The Indian textile industry wants relief from overcapacity and a drop in exports

In the spinning and weaving business, India has around 30% over capacity. PM MITRA Parks may add more capacity in the next years. Overcapacity has already become a source of concern for the industry, as demand in the global clothing market has slowed. Industry organizations such as the Confederation of Indian Textile Industry (CITI) and The Southern India Mills’ Association (SIMA) have cautioned the government that if the situation is not handled quickly, many textile units, particularly MSME companies, could face financial difficulties. Industry groups have produced a wishlist to obtain assistance from the government.

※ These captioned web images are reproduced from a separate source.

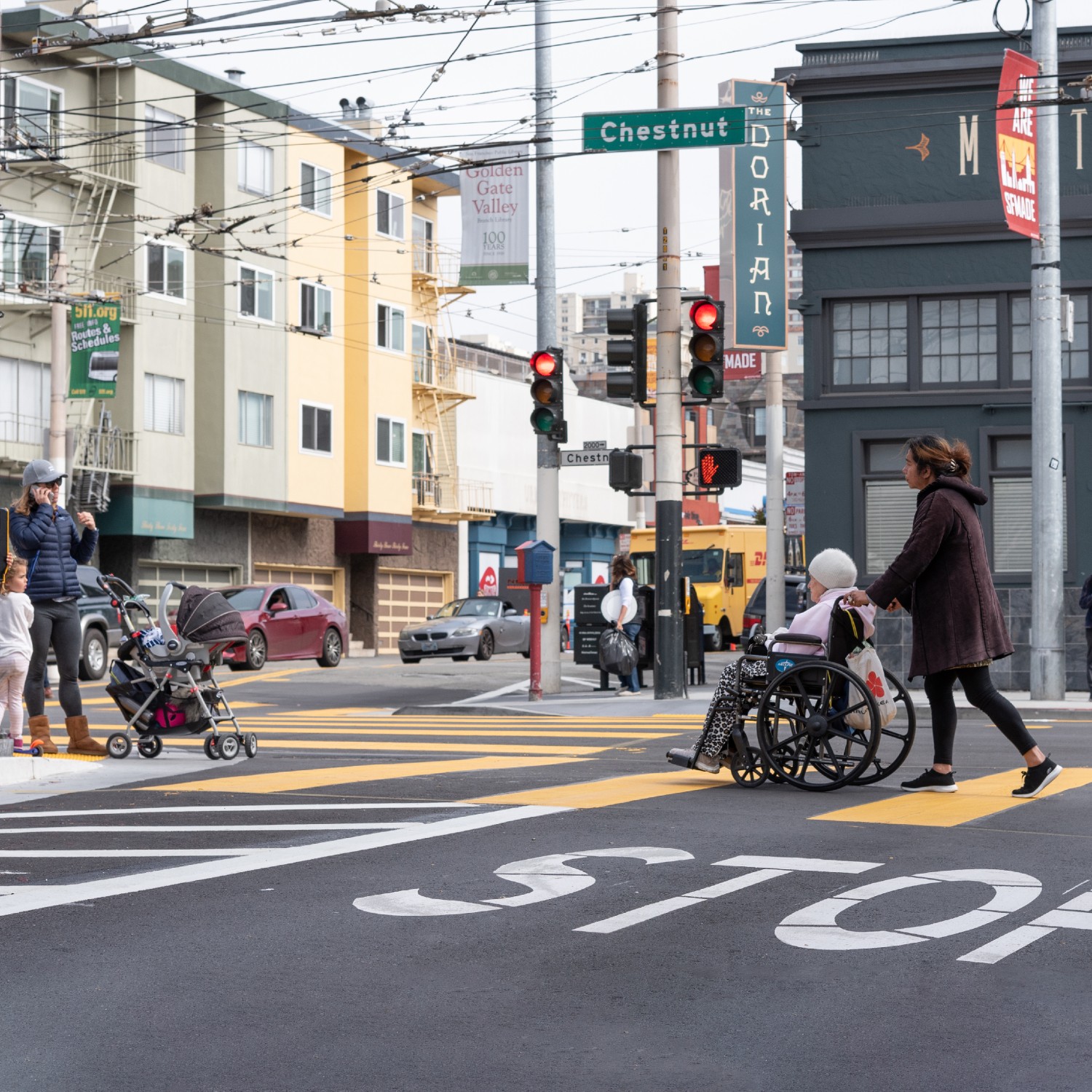 A parent with two kids and a stroller wait at the corner of Chestnut and Fillmore, while a young woman pushes an elderly woman in a wheelchair in the crosswalk.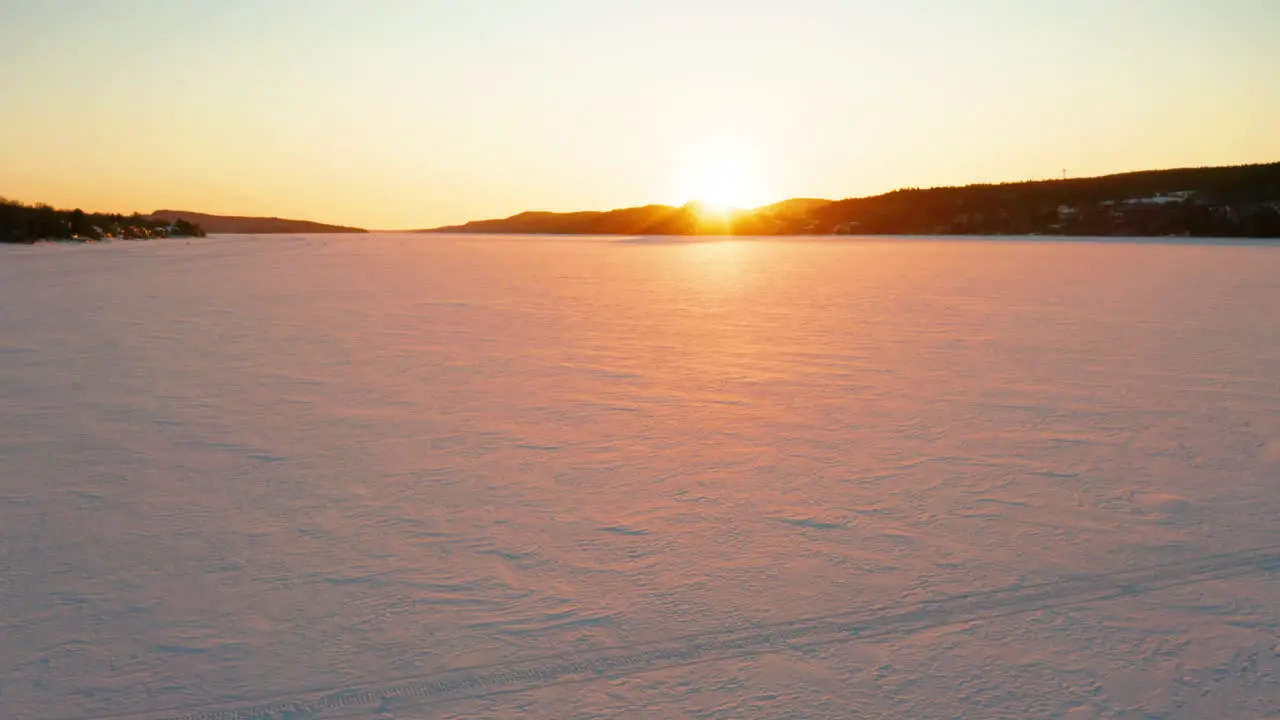 Picturesque aerial flying across a snow covered river as the sun sets along the horizon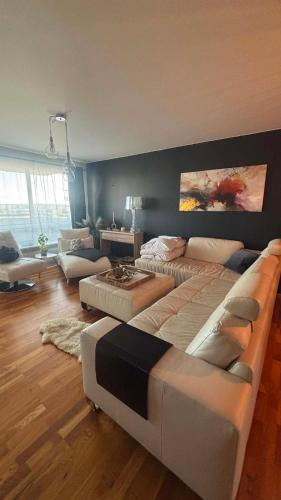 a living room with two beds and a couch at Akranes Sunset Apartment in Akranes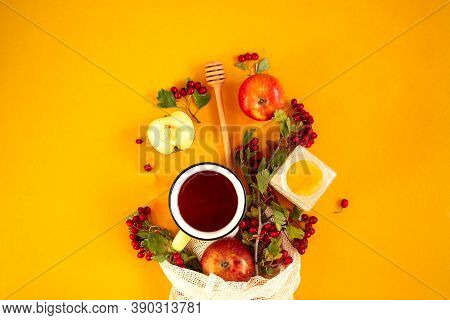 Red Garden Organic Apples, Hawthorn Berries In A Mesh Bag And Cup Of Hot Tea On An Orange Background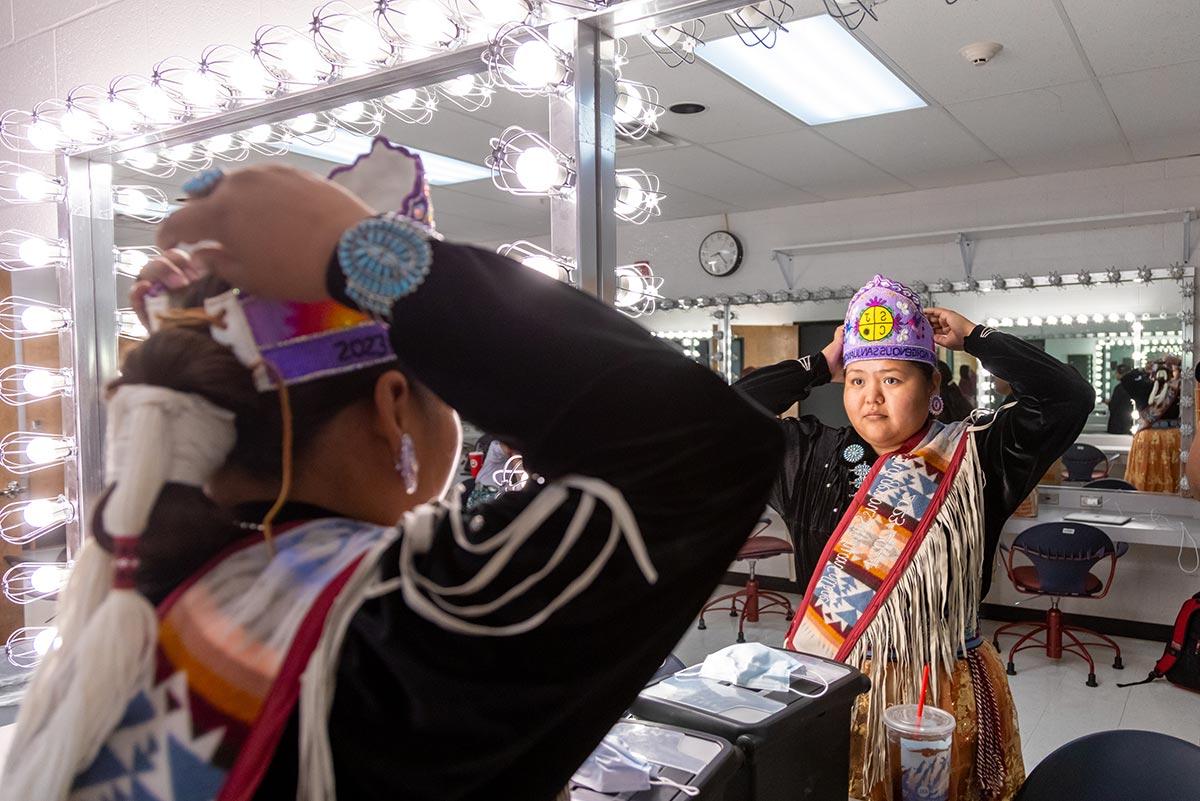 San Juan College Ms. Indigenous looking at herself in the mirror before Ms. Indigenous Pageant.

T Rajkumar, president of CITI, and Ravi Sam, chairman of SIMA, stated at a joint press meet in Coimbatore that the textiles and clothing industry is currently facing unprecedented financial stress, owing to the prolonged Russian-Ukraine war, which has impacted the EU and US markets, higher inflation, a slowdown in the global economy, an 11% import duty levied on cotton, and a disruption in the supply of man-made fibers due to certain practical difficulties in implementation. When compared to the previous year, the cumulative effects are an 18% decline in overall textile and apparel exports, a 50% drop in yarn exports, and a 23% drop in cotton textiles exports.

According to industry groups, the country now has more than 30% surplus capacity across the textile value chain, particularly in capital-intensive areas like spinning and weaving. Banks have issued red alerts to most textile units throughout the nation due to unanticipated financial pressures. The repayment of short-term loans given during the COVID-19 era has greatly increased the textile industry’s financial burden. The majority of small and medium-sized spinning mills in Tamil Nadu have indicated that they would cease yarn production and sales on July 15, 2023.

Cotton prices fell from 63,000 per candy of 356 kg in April 2023 to 56,000 per candy in July 2023, eroding the spinning sector’s massive working capital. Even with today’s reduced cotton prices, mills are losing $10 for every kilogram of yarn. Power pricing increases, particularly for SME facilities in Tamil Nadu, have rendered 2,000 spinning mills in the state uncompetitive.

According to the two groups, the textile sector urgently needs interim financial assistance to avoid units from becoming NPAs (non-performing assets) and causing irreversible harm to both financial institutions and textile units, particularly SME units. The chiefs of industrial organizations urged that the 11% import charge on cotton be removed. The industrial groups have also requested help from the Indian Banks Association and other major financial institutions.

They have encouraged them to prolong the one-year moratorium on principal payments for the textile sector. Furthermore, ECLGS loans should be changed to six-year term loans rather than three-year loans. On a case-by-case basis, financial support is also required to alleviate the strain on working capital.

In a separate proposal to the Tamil Nadu government, they have requested that electricity tariffs be reduced since the industry cannot tolerate a sharp increase. According to CITI and SIMA, the Indian sector would reap the benefits of recent FTAs with Western nations only in 2024 (after FTAs are approved, signed, and implemented), but textile units will not be able to exist until then without support from both the Central and state governments.